Agreed – you took the words from my mouth. A Catholic women’s forum should contain Catholic women from all walks of life, all ethnicities, all ages, all economic levels, all educational levels, and even converts like myself. I pray the voice of the laity is not shut out – again.
““I personally can’t imagine a more important initiative right now in the world.”
This was the response of Deborah Savage to the question, “What do you think of the Catholic Women’s Forum?””
I’m a woman, and I’m fed to the teeth with identity politics, whether in the world or in the Church. Some women should be listened to. Some shouldn’t.

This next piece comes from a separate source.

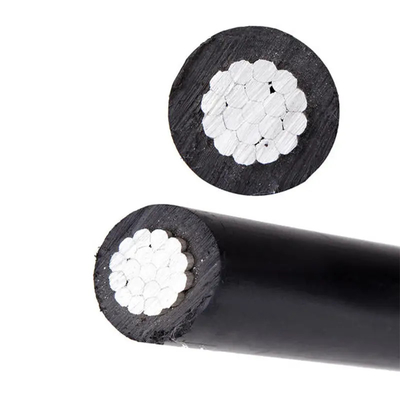 Overhead aluminium geleider XLPE geïsoleerde elektrische kabels Quadruplex Duplex Triplex Drop elektrische draad kabel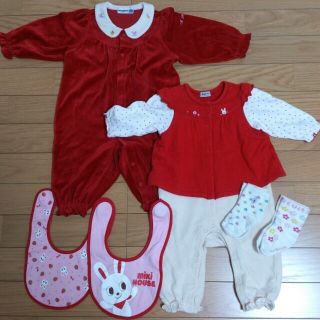 ミキハウス(mikihouse)の【値下げ】ミキハウス暖かセット(ロンパース)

It’s not the fact of their being woman that is the issue, it’s what they’re saying.
““It’s women’s voices that need to be heard most on some of the issues affecting the Church in the world, and that’s partly because faithful women can say things that men cannot.… Oftentimes these days when men speak out about certain things [such as women’s ordination or contraception], it’s misinterpreted as more evidence of the patriarchy at work, or an assumption is made that they are of necessity misogynistic or sexist. “”
It’s a false interpretation, and I see no reason why faithful Catholics, male or female, should knuckle under to the knuckleheads making the assumption.
“It’s time for the prophetic voice of women, faithful to the Church’s teaching and to the Gospel, to be heard.””
Phrases like “the prophetic voice of women” are just silly. Women do not have a united voice, and even if they did it would not be a prophetic one.
We are all special because we are made in the image and likeness of God, and His only Son gave his life for us. That’s all of us, male and female, and this constant dividing is horrible.
Thank you for saying for what I’ve been thinking/feeling but could not express in words.
If it weren’t for the work of women, no parish would be able to carry on. It seems to me that first and foremost women should be evangelizing beginning with the family and having more children. The West in is a stage of demographic suicide. In the U.S. it is not as bad as in Europe due to immigration. Women scholars are welcome, but there is a greater need of Christian mothers. There are other essential areas where women are making a great contribution such as the pro life effort.
In the Church of the first Christian centuries, women had a very important role in the evangelization of the home and charitable work. Virgins and widows were a kind of order in the Church and maybe we could restore that ancient Order of Widows.
As for more women on the altar, deaconesses, I am against it, as it would only convince men even more that the Church is a women’s affair.
Amen to all the above comments. As a very busy owner of a small business I have no time to flit off to Washington DC, to conferences run by the Catholic “elite” I am educated, a bachelors and two masters, but I find I do not resonate with the “professors and scholars” and their elitist bubble way of thinking.
My guess is that they have never worked as a volunteer in a parish teaching children religious ed classes, have never been to a poor parish helping paint the class rooms on a week-end in that poor parishes Catholic school and the list goes on and on. But they have their listserv, which they use on a regular basis to “have in-depth conversations about theological, cultural, and pastoral concerns.,”.
But the everyday, ordinary women is ignored as usual and continues to love the church and serve her.